GLENS FALLS, N.Y. (NEWS10) – The painted turtle is one of the most common types seen around New York. The ponds around Crandall Park are no exception. Turtles with orange stripes on their shells and necks can be seen basking on stumps and poking their heads out of the water. Around the start of the summer, one turtle was seen doing something else – laying a clutch of eggs in the middle of the park.
“I run through the park most days,” said Elizabeth Little Hogan, of the Crandall Park Beautification Committee. “I was coming around a hill and saw a turtle there. I talked to another lady who had taken a picture, and when I called the Department of Public Works, they already knew about it.”
This summer, a sunny spot on a sandy bank near the park’s central-south wetland area became a nursery for 23 painted turtle eggs buried in the sand. Once the nest was found, DPW employees set up a barrier with cones and sticks, hoping to keep people away from the eggs until they hatched.
The barrier was a good starting point, but one city employee made it a personal mission to keep those eggs safe all through the summer. DPW employee Jody Clark placed an upside-down bucket over the nest, propped up with a rock and stick, and then proceeded to check the nest every day until everyone hatched and made their way out of the sand.
“I took over and made sure I could get as many as I could into the pond,” said Clark, who has worked for the DPW for the last five years. “They’re good for the pond – they eat weeds and dead fish. My grandson and I like to catch and release them back into the pond.”
This week, the park announced on Facebook that the monthslong mission had come to an end at last. 22 of the turtles made it to the park’s ponds – after one was squashed by an oncoming vehicle. Clark says anyone driving around bodies of water should keep a careful eye out for turtles, which are most likely to cross when freshly hatched and looking for water, or during mating season.
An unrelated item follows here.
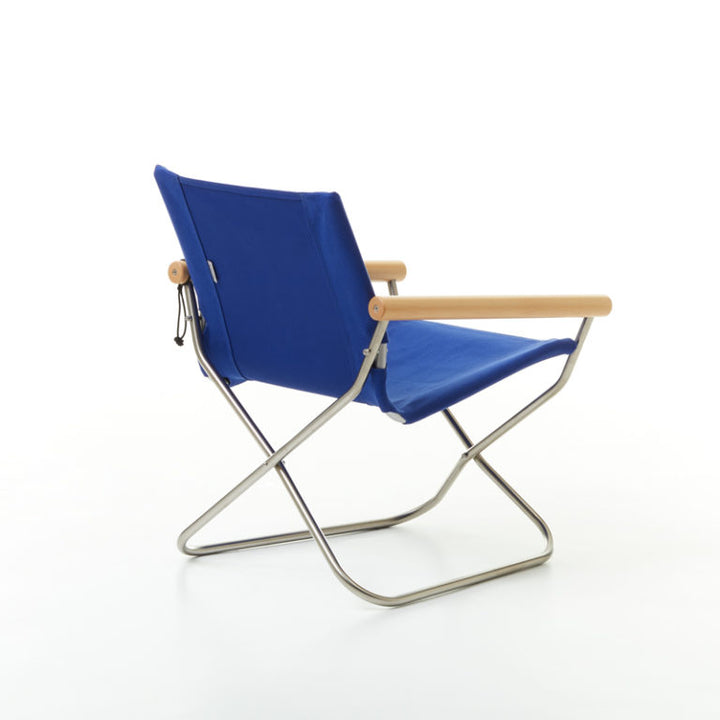 NychairX 80 Blue Natural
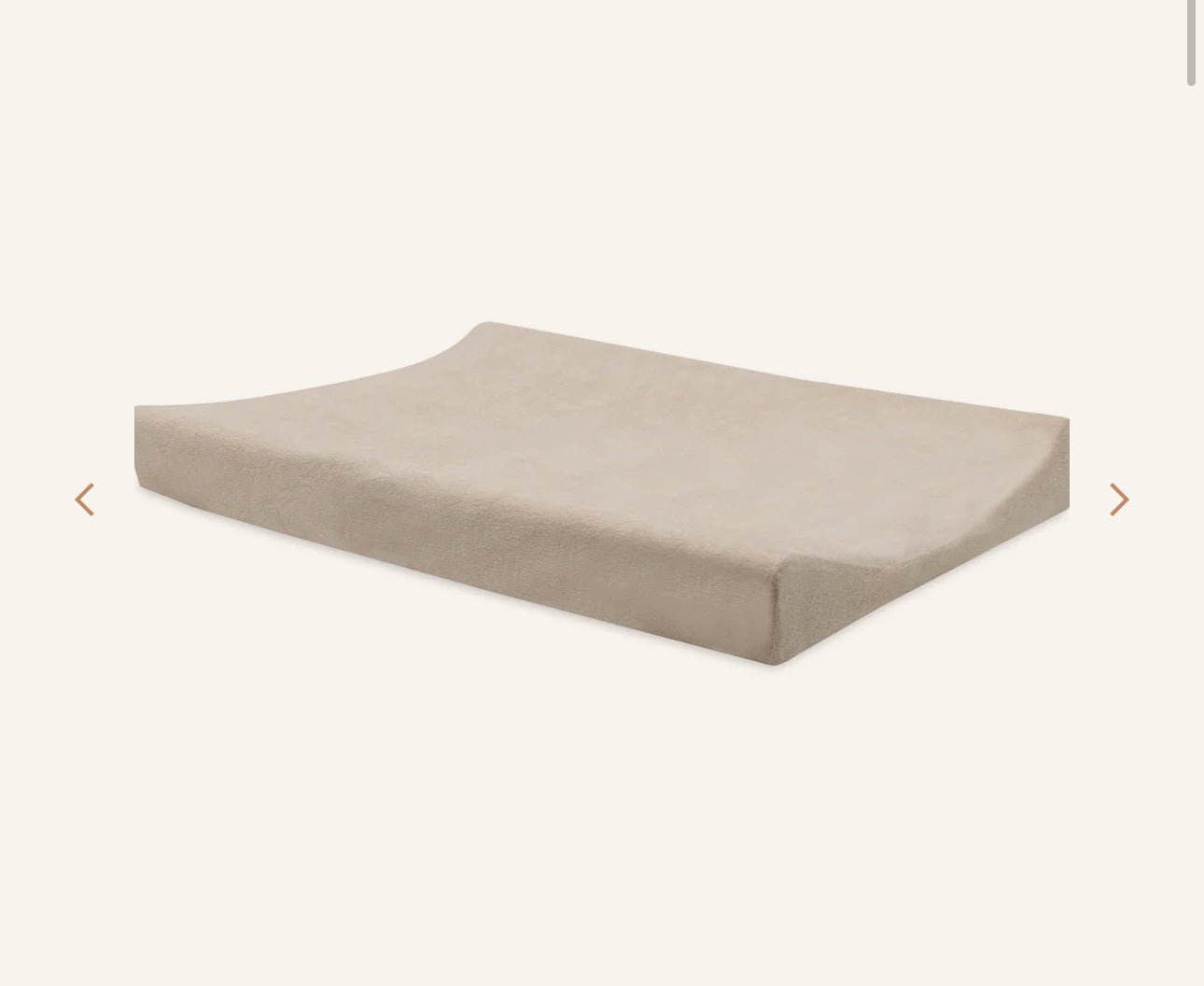 Housse Matelas à Langer Éponge Lot de 2 - Les ptites soeurs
The turtles are part of a wide ecosystem at the park. The wetlands, located west of the ponds visible from Glen Street, are home to not just the painted turtle, but also leopard frogs, red-winged blackbirds, and dragonflies. In the summer, children are often taken to the park to scoop weeds with nets, looking for insects. For people like Clark, taking care of the ecosystem is also about maintaining that outdoor classroom.
“I was showing the turtle nest to some kids who were coming by, and they were all getting excited. I’ve been sending my grandkids pictures,” he said. “You’ve got to try and protect the wildlife.”